Monitoring ORA-xxxx errors is an important part of the DBA's responsibility, and Karma aims to ease that burden by watching the alert.log for you.
Karma monitors databases remotely, and as such cannot directly access an OS level file such as the alert.log. The solution (if you're interested in monitoring the alert.log of remote databases) is the run an additional script which comes with Karma on any machine whose alert.log you wish to monitor. Essentially it watches the file for changes, and writes any ORA-xxxx errors to a table. Karma then just watches this table for new entries. Checkout the karmagentd for more information on configuring that end of things.
Beyond that, configure alertlog monitoring like you would any other facility in Karma. Here's an example:
alertlog:X:Y:Z
Where X is the number of minutes between checks of the alert.log monitoring table. Y is the number of minutes within which to consider the error and WARNING level situation. Z is the number of minutes within which to consider the error a WARNING level situation. Here's a recommended configuration:
alertlog:15:86400:60
This tells karma to monitor every 15 minutes, consider any ORA-xxxx errors within a day to be a WARNING situation, and any ORA-xxxx errors in the last hour to be an ALERT situation.

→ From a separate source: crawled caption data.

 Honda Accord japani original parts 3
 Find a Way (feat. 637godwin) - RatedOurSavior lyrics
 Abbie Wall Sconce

This section displays the Oracle initialization parameters from the v$parameter data dictionary view. This section is not configurable, and is always displayed.

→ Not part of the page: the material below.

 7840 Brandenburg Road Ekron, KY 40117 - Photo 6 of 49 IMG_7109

Extents monitoring in our case is different from fragmentation. In this case we're merely monitoring objects which are nearing their maxextents, or objects which may not be able to allocate their next extent for various reasons.

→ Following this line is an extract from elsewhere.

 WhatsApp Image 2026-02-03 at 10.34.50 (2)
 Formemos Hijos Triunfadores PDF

Configuring extents monitoring, consider how early you want to be warned or alerted of a situation. If your tables become populated rapidly, you may want to know earlier when they require adjustments or rebuilding. Here's an example:
extents:15:2:1
This directs karma to check every 15 minutes for extents which are within 2 extents of their max (WARNING), or 1 extent (ALERT). The first value is always the WARNING value, and the second ALERT. In addition, objects may have their pctincrease set above 0. If that's the case, karma will also check in a similar manner for objects which although they may not be nearing their maxextents value, are nevertheless nearing a situation where they will not be able to allocate another extent.
Fragmentation occurs at the table (heap) or index (b-tree) level. Essentially when you create objects in a tablespace, if you set them all with different storage parameters, or a pctincrease which is non-zero you'll likely cause tablespace fragmentation of the objects contained therein.
Fragmentation can be resolved by rearranging objects in other tablespaces, rebuilding with different storage parameters, or export/import. Ideally though, it would be best to avoid fragmentation altogether. How can we accomplis this? Oracle recommends in their latest whitepaper on the subject ``How To Stop Defragmenting and Start Living'' to avoid fragmentation altogether by creating tablespaces with with uniform extent sizes, and leaving objects to assume the default storage params when they're created. For more information, check: How To Stop Defragmentating and Start Living.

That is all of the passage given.